Lovers Lane
In The Flesh

Just A Fire

| March 30, 2006

Just A Fire
Stop Don’t Start

You could almost mistake it for intention, and think Just A Fire were just another indie rock band poking fun at conventional rock ‘n’ roll. The Chicago band’s debut album, Light Up (Asian Man), was recorded almost immediately after they formed, punk pragmatism at its best. But the next one, this spring’s Spanish Time (Sick Room), was put off. Then rescheduled. Then put on hold. Never before has the promise of spontaneity been so utterly destroyed.

“I don’t know,” muses bassist/vocalist Fred Erskine, “when we got the band together it was like, ‘Yeah! Let’s just start writing and recording in [drummer] Scott [Adamson]’s studio.’ We really didn’t give the songs the time they needed. We did with this album, not because it’s what we wanted to do, but sort of by default.”

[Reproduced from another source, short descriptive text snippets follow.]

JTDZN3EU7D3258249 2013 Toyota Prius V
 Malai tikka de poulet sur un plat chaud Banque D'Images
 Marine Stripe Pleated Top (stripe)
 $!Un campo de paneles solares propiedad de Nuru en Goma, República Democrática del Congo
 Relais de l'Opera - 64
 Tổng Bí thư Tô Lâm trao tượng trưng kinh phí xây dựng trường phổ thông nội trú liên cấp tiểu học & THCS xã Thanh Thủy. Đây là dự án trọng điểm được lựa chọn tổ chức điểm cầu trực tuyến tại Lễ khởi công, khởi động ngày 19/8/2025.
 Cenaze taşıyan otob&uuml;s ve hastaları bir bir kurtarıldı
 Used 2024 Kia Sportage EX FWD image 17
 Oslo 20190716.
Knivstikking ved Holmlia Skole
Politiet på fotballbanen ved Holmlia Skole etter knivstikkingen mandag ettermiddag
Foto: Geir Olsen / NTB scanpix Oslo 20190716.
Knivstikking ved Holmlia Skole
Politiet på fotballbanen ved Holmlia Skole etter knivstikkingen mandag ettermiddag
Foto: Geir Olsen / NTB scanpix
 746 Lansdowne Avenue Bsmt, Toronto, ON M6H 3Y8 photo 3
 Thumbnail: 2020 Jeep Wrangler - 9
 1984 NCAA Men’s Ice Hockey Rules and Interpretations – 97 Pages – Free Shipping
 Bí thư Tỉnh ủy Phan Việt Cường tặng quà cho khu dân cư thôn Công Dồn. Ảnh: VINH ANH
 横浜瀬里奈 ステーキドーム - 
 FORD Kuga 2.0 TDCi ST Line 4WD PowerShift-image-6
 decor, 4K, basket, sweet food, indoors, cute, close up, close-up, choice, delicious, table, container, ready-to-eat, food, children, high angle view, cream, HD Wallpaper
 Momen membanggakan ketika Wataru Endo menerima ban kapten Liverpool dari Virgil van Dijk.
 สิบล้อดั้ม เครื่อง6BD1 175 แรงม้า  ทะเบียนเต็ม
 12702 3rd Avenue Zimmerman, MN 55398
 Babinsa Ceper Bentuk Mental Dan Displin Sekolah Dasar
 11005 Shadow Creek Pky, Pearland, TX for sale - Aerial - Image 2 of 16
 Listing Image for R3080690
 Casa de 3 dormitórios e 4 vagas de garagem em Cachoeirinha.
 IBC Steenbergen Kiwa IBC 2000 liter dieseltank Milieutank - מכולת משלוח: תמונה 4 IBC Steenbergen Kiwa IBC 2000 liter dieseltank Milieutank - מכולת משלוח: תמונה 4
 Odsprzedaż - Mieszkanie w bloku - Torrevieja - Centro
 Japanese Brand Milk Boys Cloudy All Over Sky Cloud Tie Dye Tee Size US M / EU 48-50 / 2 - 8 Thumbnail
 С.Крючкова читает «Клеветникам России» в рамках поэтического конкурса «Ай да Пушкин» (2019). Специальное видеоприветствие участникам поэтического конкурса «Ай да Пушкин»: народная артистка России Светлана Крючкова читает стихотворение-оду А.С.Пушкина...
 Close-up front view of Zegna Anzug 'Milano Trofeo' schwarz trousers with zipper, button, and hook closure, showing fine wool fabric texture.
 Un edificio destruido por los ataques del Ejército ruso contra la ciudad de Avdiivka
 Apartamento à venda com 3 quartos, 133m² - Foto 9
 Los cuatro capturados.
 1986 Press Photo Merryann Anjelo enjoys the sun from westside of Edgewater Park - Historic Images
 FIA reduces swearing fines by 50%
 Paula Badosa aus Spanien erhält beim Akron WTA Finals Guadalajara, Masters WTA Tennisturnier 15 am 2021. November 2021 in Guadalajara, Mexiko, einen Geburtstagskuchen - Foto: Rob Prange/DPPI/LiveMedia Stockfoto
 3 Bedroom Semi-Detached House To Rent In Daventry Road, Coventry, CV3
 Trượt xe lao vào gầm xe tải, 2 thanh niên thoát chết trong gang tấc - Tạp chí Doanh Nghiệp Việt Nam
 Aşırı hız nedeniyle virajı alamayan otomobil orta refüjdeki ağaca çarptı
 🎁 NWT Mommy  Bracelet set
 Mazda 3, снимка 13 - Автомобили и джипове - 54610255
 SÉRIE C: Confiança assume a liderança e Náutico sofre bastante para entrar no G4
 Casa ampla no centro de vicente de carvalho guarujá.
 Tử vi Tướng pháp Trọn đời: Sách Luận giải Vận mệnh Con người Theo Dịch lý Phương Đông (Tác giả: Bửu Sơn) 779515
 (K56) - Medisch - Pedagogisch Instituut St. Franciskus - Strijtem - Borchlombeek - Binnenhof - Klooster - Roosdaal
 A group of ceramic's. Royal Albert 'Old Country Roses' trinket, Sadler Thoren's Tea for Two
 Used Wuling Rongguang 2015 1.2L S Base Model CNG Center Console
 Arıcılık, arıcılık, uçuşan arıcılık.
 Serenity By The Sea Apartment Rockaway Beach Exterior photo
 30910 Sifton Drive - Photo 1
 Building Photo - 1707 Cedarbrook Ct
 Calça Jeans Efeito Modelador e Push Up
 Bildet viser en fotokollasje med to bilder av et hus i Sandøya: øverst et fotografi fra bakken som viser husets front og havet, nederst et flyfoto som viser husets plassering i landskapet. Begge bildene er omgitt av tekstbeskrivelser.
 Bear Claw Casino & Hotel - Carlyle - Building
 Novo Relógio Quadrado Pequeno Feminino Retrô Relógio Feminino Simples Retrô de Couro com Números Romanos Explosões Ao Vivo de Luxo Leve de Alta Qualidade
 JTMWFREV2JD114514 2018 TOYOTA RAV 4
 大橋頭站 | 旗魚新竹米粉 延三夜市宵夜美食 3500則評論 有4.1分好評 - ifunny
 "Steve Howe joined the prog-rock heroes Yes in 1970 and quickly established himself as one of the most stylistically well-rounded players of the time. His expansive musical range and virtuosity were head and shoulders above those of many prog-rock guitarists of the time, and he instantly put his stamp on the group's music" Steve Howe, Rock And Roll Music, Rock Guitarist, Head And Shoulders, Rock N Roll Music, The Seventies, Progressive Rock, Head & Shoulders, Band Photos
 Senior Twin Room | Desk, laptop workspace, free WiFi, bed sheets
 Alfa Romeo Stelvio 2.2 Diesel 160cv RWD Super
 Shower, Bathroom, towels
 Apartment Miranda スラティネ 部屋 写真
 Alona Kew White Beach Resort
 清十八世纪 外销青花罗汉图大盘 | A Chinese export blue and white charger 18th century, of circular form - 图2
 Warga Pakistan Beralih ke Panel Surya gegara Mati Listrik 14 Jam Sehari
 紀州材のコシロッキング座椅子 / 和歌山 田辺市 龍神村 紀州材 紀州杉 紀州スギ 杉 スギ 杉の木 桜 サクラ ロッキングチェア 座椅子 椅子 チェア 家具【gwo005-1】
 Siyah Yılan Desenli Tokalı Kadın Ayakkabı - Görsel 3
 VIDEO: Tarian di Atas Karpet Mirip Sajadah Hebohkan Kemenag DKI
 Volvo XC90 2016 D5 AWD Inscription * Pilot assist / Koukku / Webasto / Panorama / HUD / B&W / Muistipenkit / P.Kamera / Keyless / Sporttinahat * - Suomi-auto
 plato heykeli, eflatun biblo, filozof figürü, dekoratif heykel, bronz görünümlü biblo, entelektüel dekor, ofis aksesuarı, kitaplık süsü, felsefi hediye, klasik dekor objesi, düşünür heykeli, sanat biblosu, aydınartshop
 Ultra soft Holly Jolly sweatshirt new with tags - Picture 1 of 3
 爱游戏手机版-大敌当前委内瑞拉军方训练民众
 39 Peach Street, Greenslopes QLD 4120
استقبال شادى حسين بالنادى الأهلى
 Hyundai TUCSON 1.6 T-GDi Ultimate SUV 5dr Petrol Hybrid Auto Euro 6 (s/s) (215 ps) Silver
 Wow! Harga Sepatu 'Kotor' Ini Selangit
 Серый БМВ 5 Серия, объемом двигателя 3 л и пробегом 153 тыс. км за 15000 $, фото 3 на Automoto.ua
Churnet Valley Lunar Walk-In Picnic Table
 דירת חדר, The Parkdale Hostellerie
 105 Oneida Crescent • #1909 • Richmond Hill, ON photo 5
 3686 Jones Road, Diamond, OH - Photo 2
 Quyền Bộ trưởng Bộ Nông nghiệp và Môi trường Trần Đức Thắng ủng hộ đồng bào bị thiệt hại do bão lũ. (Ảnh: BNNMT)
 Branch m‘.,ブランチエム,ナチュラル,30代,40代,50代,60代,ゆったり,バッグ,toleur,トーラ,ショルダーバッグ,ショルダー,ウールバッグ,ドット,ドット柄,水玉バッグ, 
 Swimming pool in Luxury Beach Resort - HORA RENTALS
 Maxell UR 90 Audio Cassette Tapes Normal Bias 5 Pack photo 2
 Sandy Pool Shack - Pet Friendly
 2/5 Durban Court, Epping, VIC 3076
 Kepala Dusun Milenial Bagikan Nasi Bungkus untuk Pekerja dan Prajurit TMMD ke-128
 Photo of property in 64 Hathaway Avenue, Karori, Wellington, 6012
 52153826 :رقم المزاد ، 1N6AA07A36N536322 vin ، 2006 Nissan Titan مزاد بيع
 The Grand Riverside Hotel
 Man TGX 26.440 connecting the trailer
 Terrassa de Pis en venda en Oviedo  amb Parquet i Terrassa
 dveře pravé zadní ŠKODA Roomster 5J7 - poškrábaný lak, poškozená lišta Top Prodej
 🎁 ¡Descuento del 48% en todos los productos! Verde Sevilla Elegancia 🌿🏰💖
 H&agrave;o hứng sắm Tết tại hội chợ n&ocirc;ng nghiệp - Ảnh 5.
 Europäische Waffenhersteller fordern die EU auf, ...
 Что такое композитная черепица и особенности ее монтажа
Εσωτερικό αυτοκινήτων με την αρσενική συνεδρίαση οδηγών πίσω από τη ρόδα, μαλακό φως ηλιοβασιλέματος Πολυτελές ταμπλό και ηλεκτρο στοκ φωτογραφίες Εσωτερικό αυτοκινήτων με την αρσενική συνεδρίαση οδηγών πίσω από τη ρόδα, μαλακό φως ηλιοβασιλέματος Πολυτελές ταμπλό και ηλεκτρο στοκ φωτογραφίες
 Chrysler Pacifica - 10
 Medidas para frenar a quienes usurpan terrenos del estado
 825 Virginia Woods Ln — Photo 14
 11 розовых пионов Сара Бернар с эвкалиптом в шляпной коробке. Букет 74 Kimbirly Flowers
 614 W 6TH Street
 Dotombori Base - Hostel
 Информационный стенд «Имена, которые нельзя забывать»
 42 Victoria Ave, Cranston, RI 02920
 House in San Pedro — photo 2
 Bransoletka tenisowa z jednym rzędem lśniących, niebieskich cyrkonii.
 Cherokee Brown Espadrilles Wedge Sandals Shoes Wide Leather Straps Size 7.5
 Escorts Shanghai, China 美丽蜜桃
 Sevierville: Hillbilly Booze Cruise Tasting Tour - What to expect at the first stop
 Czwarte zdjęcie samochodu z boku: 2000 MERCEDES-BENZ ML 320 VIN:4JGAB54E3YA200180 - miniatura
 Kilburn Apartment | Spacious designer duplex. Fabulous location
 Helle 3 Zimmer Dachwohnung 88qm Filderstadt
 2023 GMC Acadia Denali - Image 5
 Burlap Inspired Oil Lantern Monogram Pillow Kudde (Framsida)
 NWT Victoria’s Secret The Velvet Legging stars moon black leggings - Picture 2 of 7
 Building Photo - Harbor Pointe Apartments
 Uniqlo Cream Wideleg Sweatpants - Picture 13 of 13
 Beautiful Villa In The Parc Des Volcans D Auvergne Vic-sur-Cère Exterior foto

While trying to work around each other’s day-job schedules and that of indie über-producer J Robbins (Jawbox, Promise Ring, Jets To Brazil), Just A Fire scrapped, rewrote, and rearranged Spanish Time to make it unrecognizable from its initial state. “Like, we’d write a batch of songs and try to get a session together, and we just couldn’t squeeze our scheduling in or couldn’t get an engineer in when we wanted to,” he jokingly laments. “Time would go by and slip away. We’d throw a couple songs away and write some more, things just kept evolving. That happened at least three or four times: getting sessions booked. So, it was probably over a year of just rewriting those songs while we were waiting to get the right session booked.”

Whatever the formula, professional frustration on their second album trumps the naivete of the debut. As assuredly as former Soviet premier Nikita Krushchev beat that U.N. podium with his shoe, Spanish Time doesn’t see a need to take a breath and reassess. “Sidebet”‘s rambunctious delivery is like running a red light in the midst of a 360-degree spin, one that doesn’t lose velocity through the surging close of “Goat Dinner.” To think, it sounded completely differently four or five sessions ago.

“We rewrote most of the songs on there at least once,” Erskine says, “with the exception of maybe ‘Fly Your Flag.’ We definitely rewrote ‘Sidebet,’ we made changes to ‘I Roll High.’ ‘Spider Cop’ is new music entirely — we had entirely different music. Same with ‘The Sun Is A Magnet’; we had entirely different music for that before. I don’t know. I get kind of crazy sometimes. I get unsettled. Sit on something too long . . . ”

That he believes in structure at all comes as a surprise from a one-time member of June Of 44. Describe that band’s later work as “complex” to someone who knows them, and you’ll see an arched eyebrow the likes Marvel Comics can’t manage.

“All in all, the songwriting process is somewhat similar, at least the way June Of 44 was writing toward the end,” he says. “A lot of the material was kind of organic, just coming up with whatever was going on in the practice room. Early on in June Of 44, a lot of those songs were brought into the practice room. Towards the end it was collaboration. And that’s just sort of a lot of what we’re doing.”